The exact value of this product is $9\,454\,254\,955\,488\,000$ meters, or about 9.5 million billion meters. A particle of light travels a lot of meters in one year.

How many trips to the moon and back is one light-year? The average distance from earth to moon is 384 400 km, or $384\,400\,000$ meters. Use GC to calculate the number of round trips to the moon equivalent to $9\,454\,254\,955\,488\,000$ meters (one light-year).

Figure 1.1.2. Calculating the number of round trips to the moon equivalent to one light-year.

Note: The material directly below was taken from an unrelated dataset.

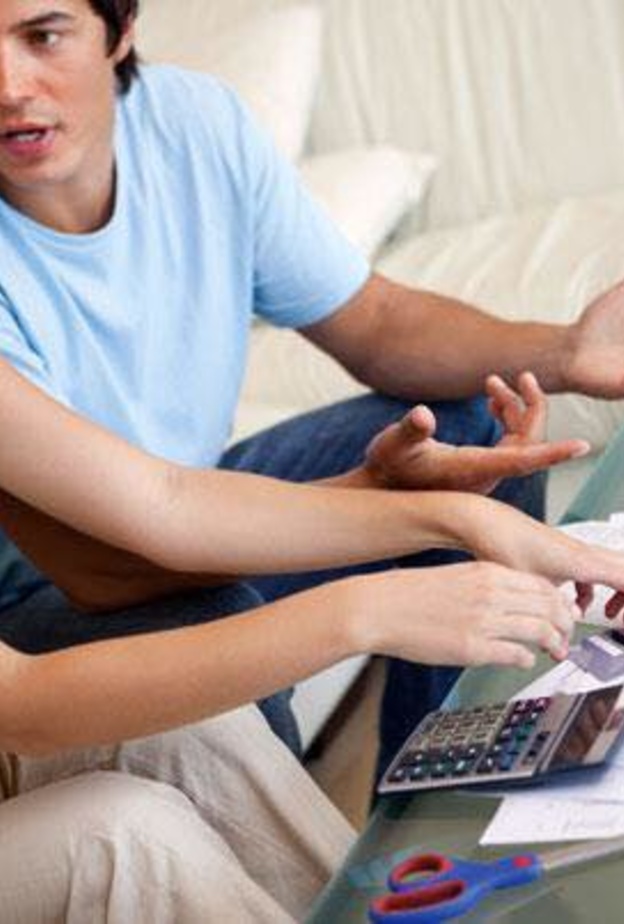 مشكلة راتب الزوجة اعلى من راتب الزوج وكيفية التعامل معها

One light-year is more than 12 million round trips to the moon. Put another way, a pulse of light would make 12 round trips to the moon in less than one-millionth year.

A pulse of light would make how many round trips to the moon in one second?

But one light-year is also a small distance. One light-year is about $\dfrac{4}{17}$ the distance to Proxima Centauri, the nearest star to Earth outside our solar system. At the same time, a light-year is approximately $\dfrac{1}{106\,000}$ the width of the Milky Way and is approximately $\dfrac{1}{45\,000\,000\,000}$ (one forty-five-billionth) the distance from earth to the edge of the visible universe. The point is, large quantities are large compared to smaller quantities, but they can be very small compared to much larger quantities.

Useful Information About Units of Measurement

The International System of units (SI) is standard around the world, including the United States. The U.S. also uses a common system of units based on the old English system. Here are some facts about units you can use in the following exercises.

Common Abbreviations

Common Conversions

Large Units

Speed of light = $299\,792\,458$ meters per second

Average distance from Earth to Sun = $149\,597\,870.7$ km

Distance from earth to edge of visible universe = $4.6 \cdot 10^{10}$ light-years

Exercise Set 1.1

Use GC for your computations. Enter "*" for multiplication, "/" for division, shift-6 ("^") for an exponent, "$\downarrow$" to exit an exponent, "$\rightarrow$" to move to the next term.

You might be tempted to use your personal calculator for these exercises. PLEASE DON'T DO THIS. Use GC. It is by using GC that you will become comfortable using it. Being comfortable with GC will be very important for later chapters.

1. About how many minutes will it take a pulse of light to travel from Sun to Earth?
2. The figure below is a video that starts with a graph of $y=x^{1000}$ in a standard coordinate system. It then shows the vertical axis being stretched so the top of the graph window shows a y-value of 6e-64 (which means $6 \cdot 10^{-64}$, or 6 divided by $10^{64}$).
   
   Use a ruler to measure the distance from 0 to $6 \cdot 10^{-64}$ on the vertical axis on your screen.
   1. Approximately how far away, in light-years, is 1 from the horizontal axis after the stretching stopped?
   2. Interpret your answer to Part (a) in units of trips to the moon.
   3. Interpret your answer to Part (a) in units of trips to the Sun.
   4. Interpret your answer to Part (a) in units of trips across the Milky Way.
   5. Interpret your answer to Part (a) in units of trips from earth to the edge of the visible universe.